Derzeit bietet Hyster mehrere Flurförderzeuge an, die mit der innovativen Robotertechnik arbeiten. Dazu zählen die Produktreihe der Gabelhochhubwagen mit Gegengewicht S1.0C, S1.2C und S1.5C und die Niederhubkommissionierer wie der LO2.5. Darüber hinaus lassen sich mehrere Schlepper, die mit Routenzügen zur Beschickung von Fertigungslinien eingesetzt werden, mit den Robotik-Lösungen ausstatten.

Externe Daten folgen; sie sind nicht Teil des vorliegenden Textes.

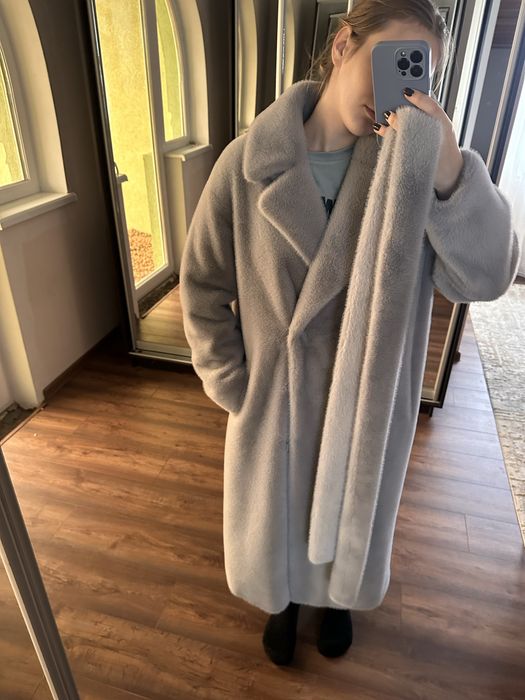 Шуба з дуже якісного хутра , ніжно сірого кольору. Розмір 44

Welche Vorteile bieten autonome Flurförderzeuge? Wo sind die Grenzen? Und gibt es Nachteile?
Timo Antony: Unsere Robotik-Lösungen basieren auf Staplern aus der Serienproduktion. Die Flurförderzeuge lassen sich nach wie vor auch manuell bedienen. Das hat den großen Vorteil, dass der Fahrer die Maschinen bei Bedarf auch per Hand steuern kann. Die Robotertechnik lässt sich jederzeit ausschalten.
Der Stapler kann deshalb spontan auch für andere Aufgaben eingesetzt werden. Dadurch unterscheiden sich die Robotik-Lösungen für Hyster-Stapler deutlich von „Fahrerlosen Transportsystemen“ (FTS). Denn die ursprünglich für den Transport von Kleinteilen eingesetzten FTS folgen automatisch ihren festgelegten Routen und lassen sich nicht manuell bedienen.
Zudem sind einige FTS in der Navigation eingeschränkt und können Hindernissen nicht immer ausweichen. Die mit der Balyo Geo-Navigationstechnologie ausgestatteten Hyster-Stapler nehmen bei Bedarf einfach eine andere Route. Wenn ein mit dem Geoguidance-System ausgerüsteter Stapler auf Hindernis trifft, ermittelt die Software in den meisten Fällen eine alternative Strecke, und der Roboter kann seine Fahrt automatisch fortsetzen.
Dieses auf der so genannten LIDAR-Technologie basierende System bestimmt die Position des Staplers, indem es sich an festen Punkten orientiert, beispielsweise an Wänden, Regalen oder der Gebäudestruktur. Reflektoren oder sonstige physische Navigationshilfen sind nicht nötig.
Wie sehr ist Ihr Unternehmen bei diesem Thema engagiert?
Timo Antony: Was unsere Lösung von anderen unterscheidet, ist ihr Ansatz. Anstelle eines festen Technologiepakets erarbeitet Hyster gemeinsam mit dem Kunden individuelle Lösungen.
Grundsätzlich ist es die größte Herausforderung bei der Robotertechnik, die verschiedenen Lösungen in bestehende Lagerlogistiksysteme zu integrieren. Bei einer Neuplanung von automatisierten Systemen geht es vor allem darum, die Platzverhältnisse optimal auszuschöpfen.
Die Kosten richten sich nach dem Staplertyp und den spezifischen Anforderungen. Grundsätzlich sollten Unternehmen mit dem Vier- bis Fünffachen eines manuell gesteuerten Staplers rechnen. Hinzu kommen noch die Installationskosten. In den meisten Fällen dürfte sich ein automatisiertes System, unabhängig von der Größe, in zwei bis drei Jahren amortisieren. Wir empfehlen allen unseren Kunden, vor der Umsetzung die potenzielle Rendite genau zu prüfen.